··· SOURCE RECORDS
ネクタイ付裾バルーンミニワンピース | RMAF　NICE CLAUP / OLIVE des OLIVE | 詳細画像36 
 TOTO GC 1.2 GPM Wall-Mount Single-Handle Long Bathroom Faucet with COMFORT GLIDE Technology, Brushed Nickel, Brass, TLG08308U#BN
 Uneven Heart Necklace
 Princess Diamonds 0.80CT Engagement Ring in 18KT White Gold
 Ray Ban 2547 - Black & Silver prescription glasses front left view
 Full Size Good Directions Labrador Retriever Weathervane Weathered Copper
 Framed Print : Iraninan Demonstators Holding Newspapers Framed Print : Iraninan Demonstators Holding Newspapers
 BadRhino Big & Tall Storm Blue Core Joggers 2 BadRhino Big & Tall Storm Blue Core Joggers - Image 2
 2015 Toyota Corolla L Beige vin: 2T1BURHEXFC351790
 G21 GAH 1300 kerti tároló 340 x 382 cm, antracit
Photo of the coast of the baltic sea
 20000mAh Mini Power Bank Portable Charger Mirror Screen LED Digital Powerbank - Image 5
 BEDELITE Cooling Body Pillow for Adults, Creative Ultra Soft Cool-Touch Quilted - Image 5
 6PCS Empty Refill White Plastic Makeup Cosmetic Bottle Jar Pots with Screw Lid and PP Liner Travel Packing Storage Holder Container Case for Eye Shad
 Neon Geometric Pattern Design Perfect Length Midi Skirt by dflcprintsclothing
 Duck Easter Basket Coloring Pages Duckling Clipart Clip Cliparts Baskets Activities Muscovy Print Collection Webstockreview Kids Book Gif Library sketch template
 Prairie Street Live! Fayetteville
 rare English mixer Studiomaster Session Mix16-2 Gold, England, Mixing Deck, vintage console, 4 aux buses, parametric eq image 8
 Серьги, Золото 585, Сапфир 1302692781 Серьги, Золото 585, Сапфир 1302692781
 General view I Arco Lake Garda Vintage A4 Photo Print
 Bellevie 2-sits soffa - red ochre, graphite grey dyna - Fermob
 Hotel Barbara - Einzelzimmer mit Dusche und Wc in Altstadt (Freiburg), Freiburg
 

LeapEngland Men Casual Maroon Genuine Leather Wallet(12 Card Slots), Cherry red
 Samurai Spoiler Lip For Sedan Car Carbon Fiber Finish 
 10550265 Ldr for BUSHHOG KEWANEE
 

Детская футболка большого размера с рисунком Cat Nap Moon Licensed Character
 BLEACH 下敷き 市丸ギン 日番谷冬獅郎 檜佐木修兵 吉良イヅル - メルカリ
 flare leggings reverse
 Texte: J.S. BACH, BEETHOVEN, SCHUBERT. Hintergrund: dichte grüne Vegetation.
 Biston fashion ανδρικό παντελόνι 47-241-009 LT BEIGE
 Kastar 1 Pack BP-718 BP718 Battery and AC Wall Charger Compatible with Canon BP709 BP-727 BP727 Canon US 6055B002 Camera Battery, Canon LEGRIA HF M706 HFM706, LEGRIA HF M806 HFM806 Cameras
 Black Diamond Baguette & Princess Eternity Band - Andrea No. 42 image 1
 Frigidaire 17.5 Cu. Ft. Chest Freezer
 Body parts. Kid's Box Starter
······
Scan the records above for the lines holding "G21 GAH 1300" and "6PCS Empty Refill". Transcribe those two and every line between them word for word, and no others.

 G21 GAH 1300 kerti tároló 340 x 382 cm, antracit
Photo of the coast of the baltic sea
 20000mAh Mini Power Bank Portable Charger Mirror Screen LED Digital Powerbank - Image 5
 BEDELITE Cooling Body Pillow for Adults, Creative Ultra Soft Cool-Touch Quilted - Image 5
 6PCS Empty Refill White Plastic Makeup Cosmetic Bottle Jar Pots with Screw Lid and PP Liner Travel Packing Storage Holder Container Case for Eye Shad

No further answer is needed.